__TASK BRIEF__. Below are the records; repeat exactly their lines between the line holding "Sophisticated Chrome Hearts Necklaces 242439" and the line holding "MSI GT76 Titan", inclusive, skipping the pictures.

(Extracted data entries)

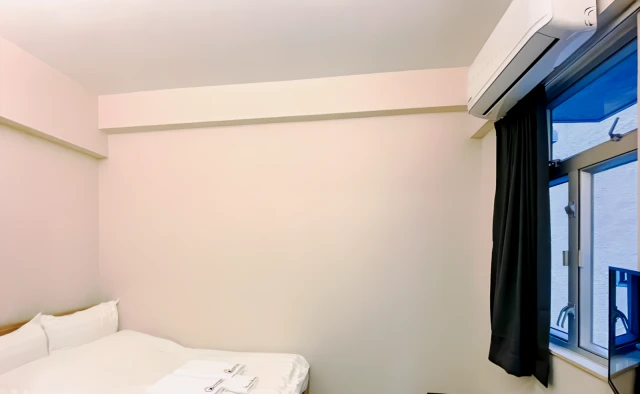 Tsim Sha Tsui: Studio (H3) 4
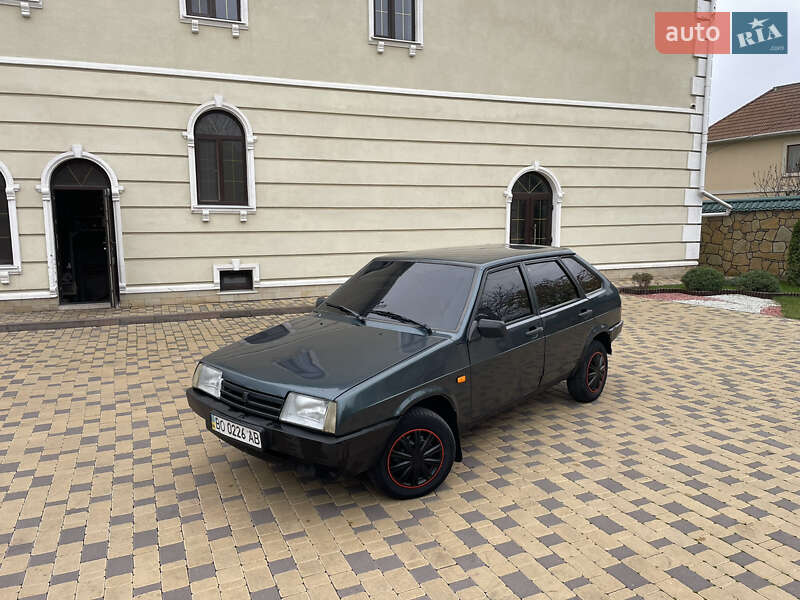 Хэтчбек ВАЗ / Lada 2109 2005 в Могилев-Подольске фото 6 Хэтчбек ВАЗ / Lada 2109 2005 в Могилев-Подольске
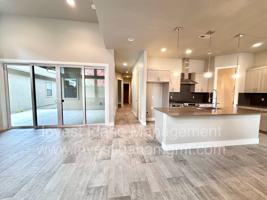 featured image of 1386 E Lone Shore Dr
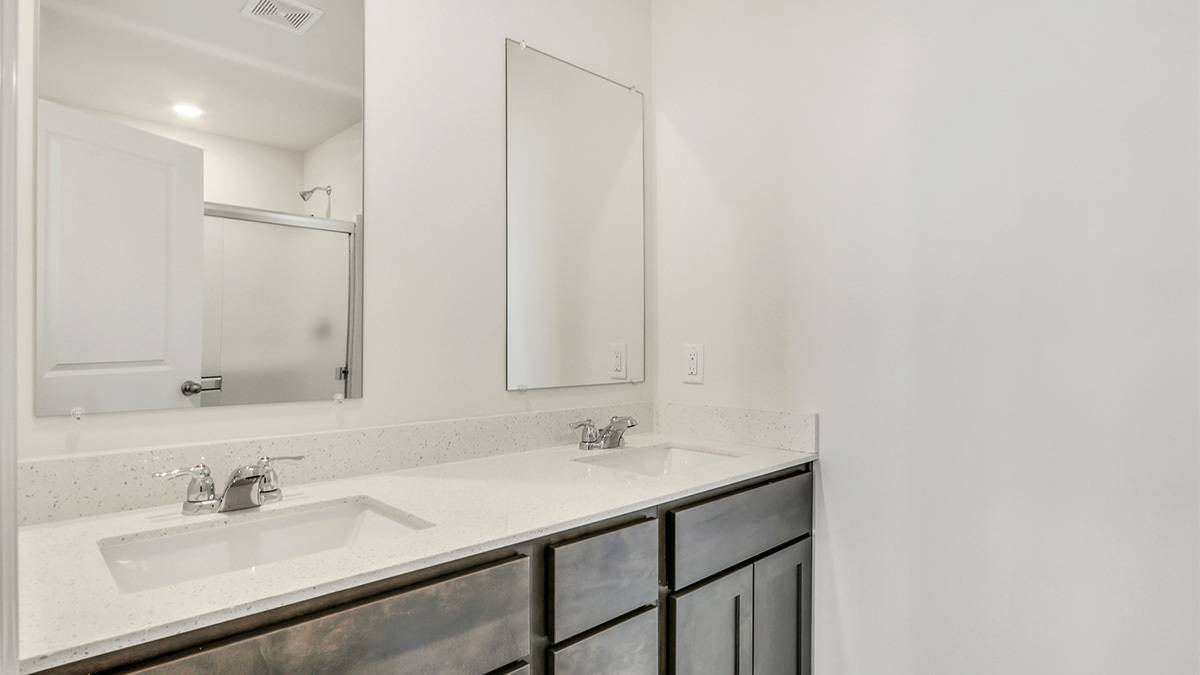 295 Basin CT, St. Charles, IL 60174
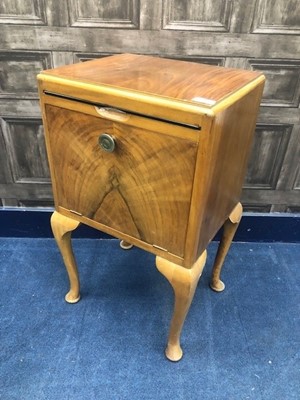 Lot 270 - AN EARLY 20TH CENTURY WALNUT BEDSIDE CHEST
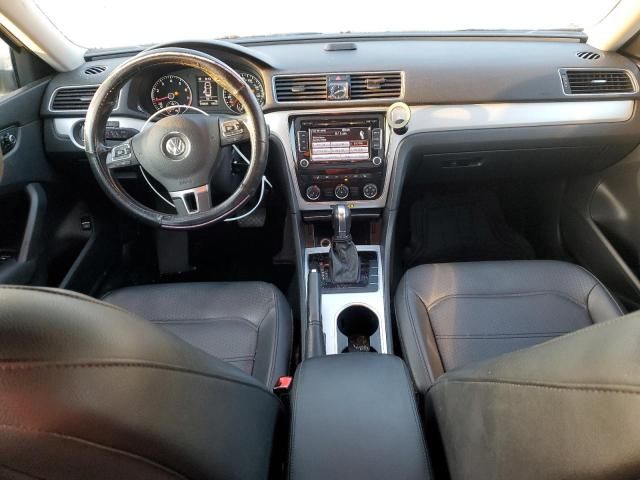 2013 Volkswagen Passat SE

==

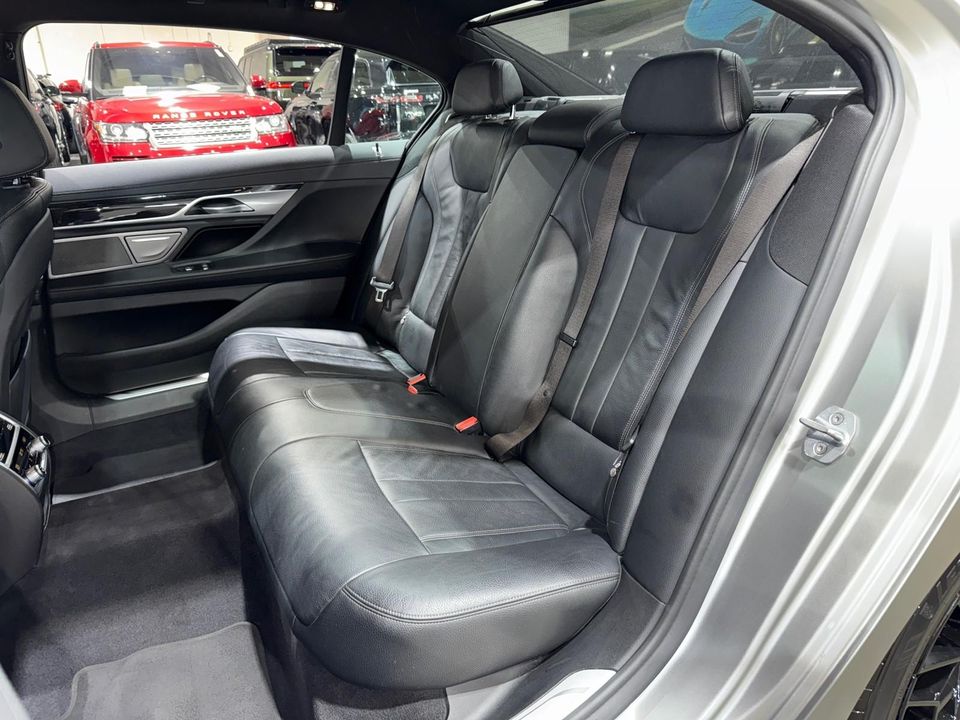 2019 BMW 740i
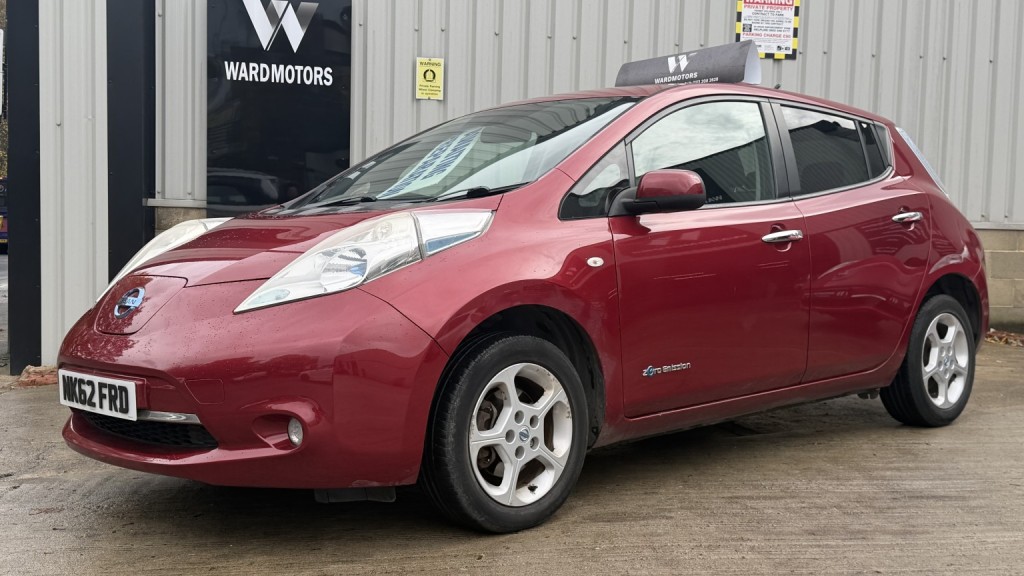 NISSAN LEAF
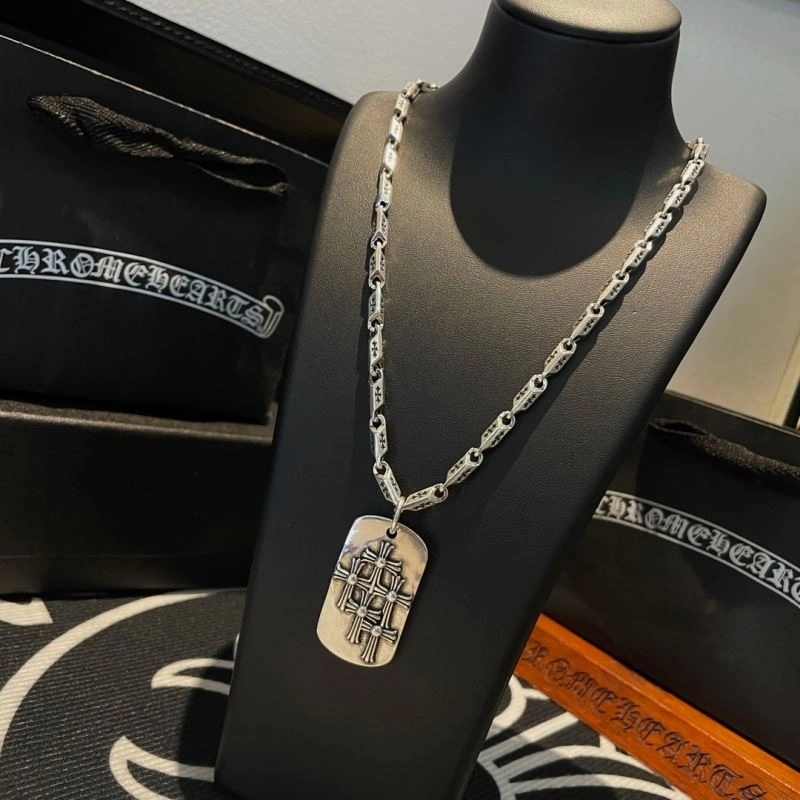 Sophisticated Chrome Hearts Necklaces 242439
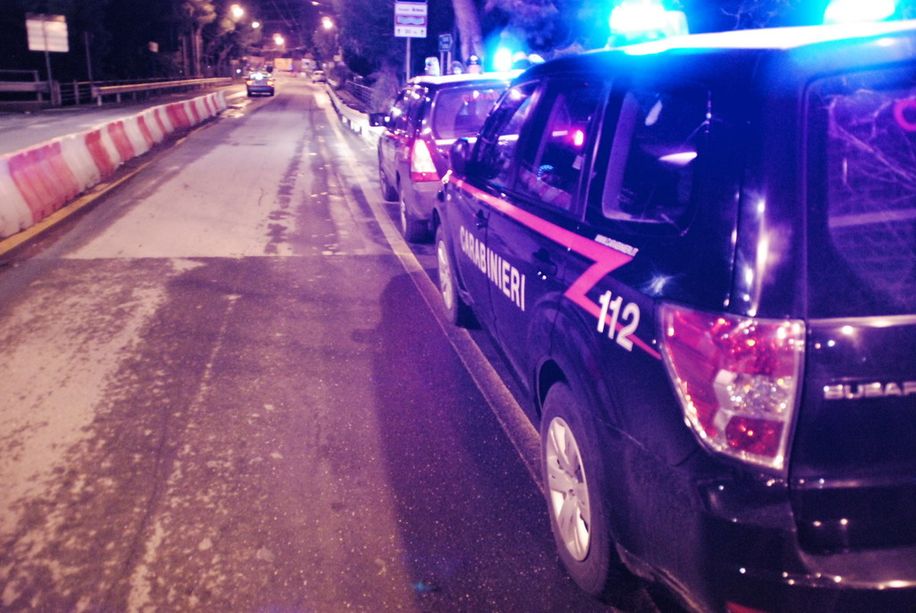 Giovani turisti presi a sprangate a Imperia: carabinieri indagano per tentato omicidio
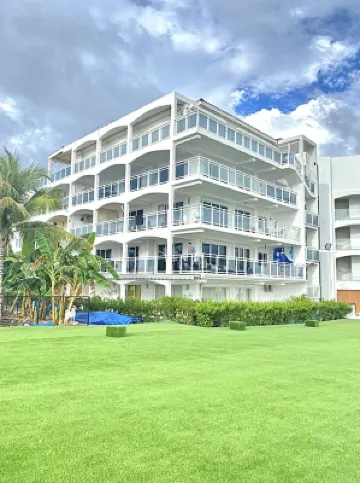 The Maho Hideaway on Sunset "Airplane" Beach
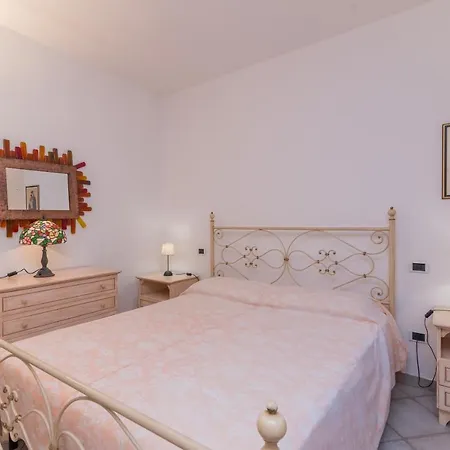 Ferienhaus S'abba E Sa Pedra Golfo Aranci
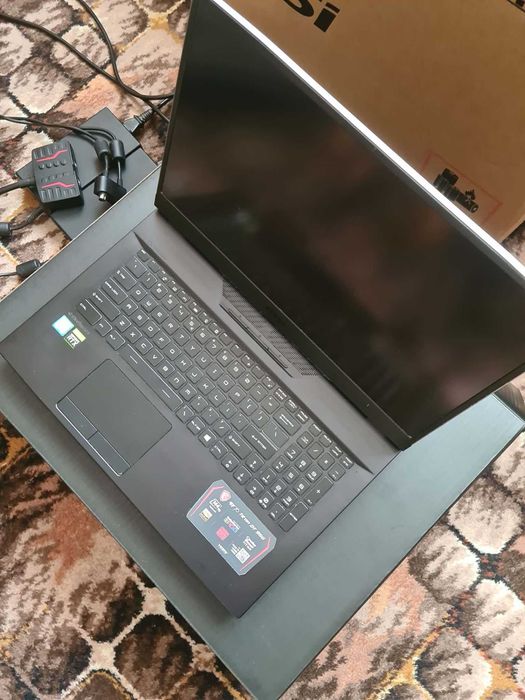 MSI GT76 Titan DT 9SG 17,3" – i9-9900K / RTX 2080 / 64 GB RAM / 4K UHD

__OUTPUT OF THE TASK__.
 Sophisticated Chrome Hearts Necklaces 242439
 Giovani turisti presi a sprangate a Imperia: carabinieri indagano per tentato omicidio
 The Maho Hideaway on Sunset "Airplane" Beach
 Ferienhaus S'abba E Sa Pedra Golfo Aranci
 MSI GT76 Titan DT 9SG 17,3" – i9-9900K / RTX 2080 / 64 GB RAM / 4K UHD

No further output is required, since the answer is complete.